Work instruction: Please reproduce the listing word for word. Pictures stay out.

The data:
■ ■ ■
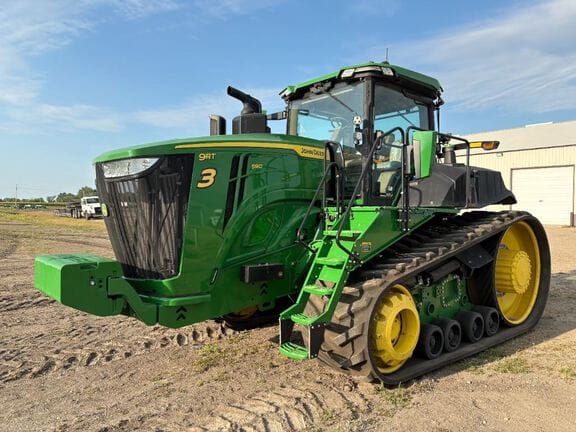 2025 John Deere 9RT 590 Equipment Image0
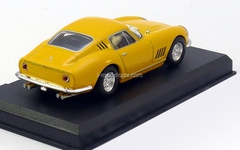 Ferrari 275 GTB yellow 1:43 Eaglemoss Ferrari Collection #13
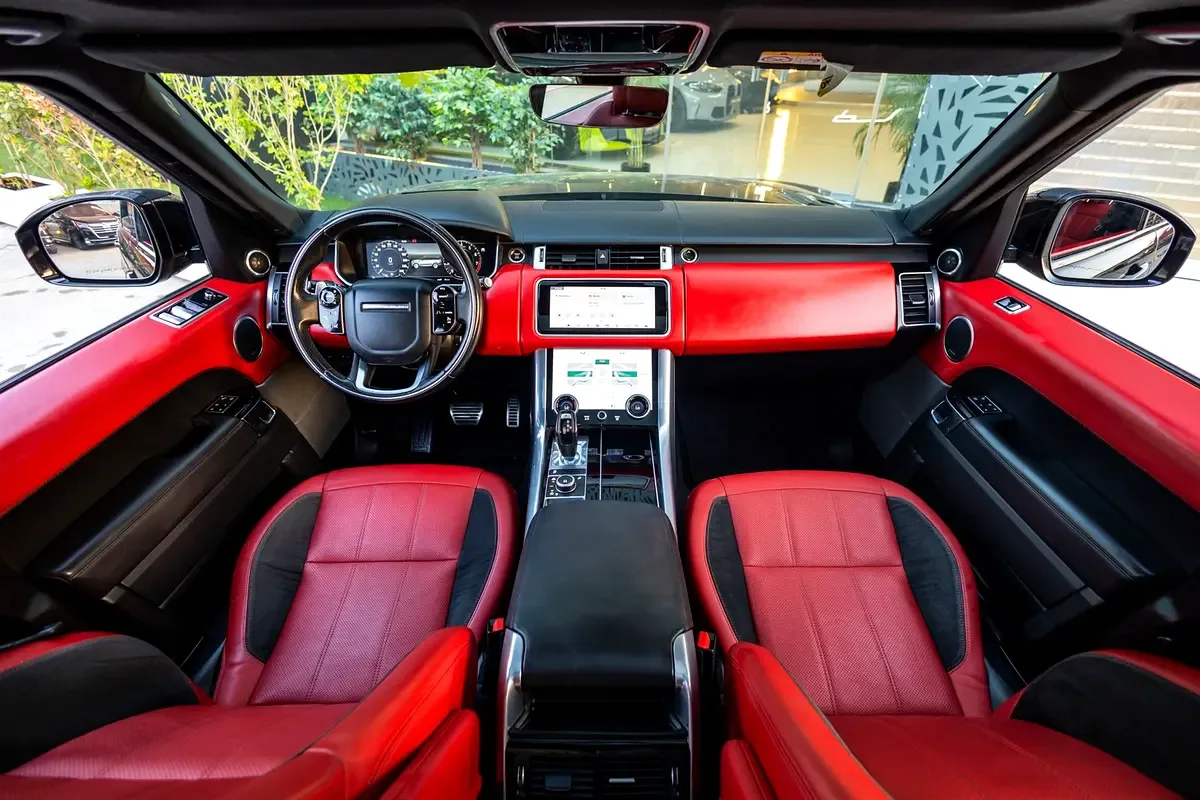 Land Rover Range Rover Sport 3.0 AT AWD (360 hp) - 12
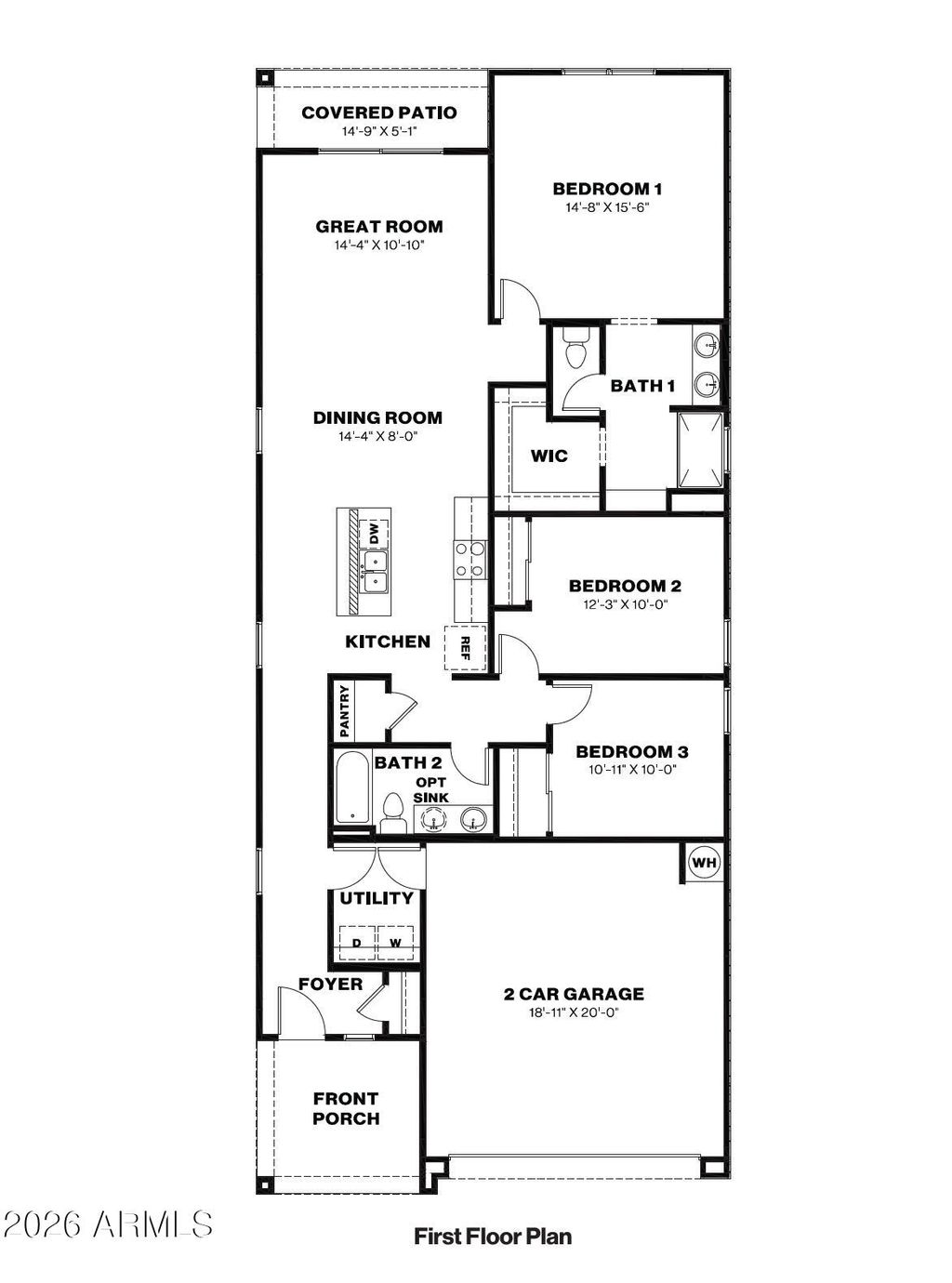 Photo of 34943 W Lucca Drive, Maricopa, AZ 85138 (MLS # 7025317)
■ ■ ■
Reply to the task:
 2025 John Deere 9RT 590 Equipment Image0
 Ferrari 275 GTB yellow 1:43 Eaglemoss Ferrari Collection #13
 Land Rover Range Rover Sport 3.0 AT AWD (360 hp) - 12
 Photo of 34943 W Lucca Drive, Maricopa, AZ 85138 (MLS # 7025317)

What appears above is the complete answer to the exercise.